Return verbatim the lines that run from the one holding "B&B Gurman - Image 3" to the end of the listing, both ends included, without the pictures.

◆ DATA SECTION ◆

[Start of Attachment]

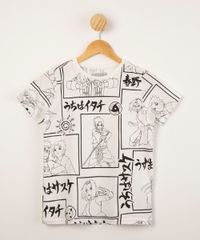 camiseta-juvenil-de-algodao-estampada-naruto-manga-curta-off-white-1009454-Off_White_1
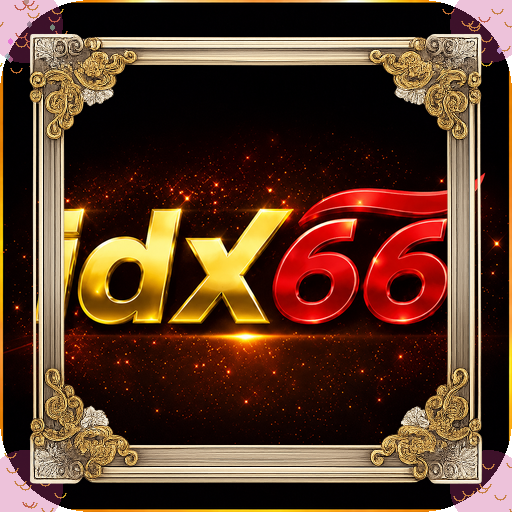 idx66 — mitra unggulan
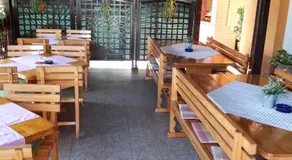 B&B Gurman - Image 3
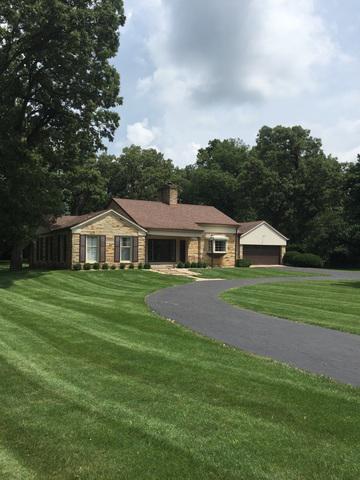 8 Marquette Ln., Kankakee, IL 60901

[End of Attachment]

◆ ANSWER TO THIS TASK ◆
 B&B Gurman - Image 3
 8 Marquette Ln., Kankakee, IL 60901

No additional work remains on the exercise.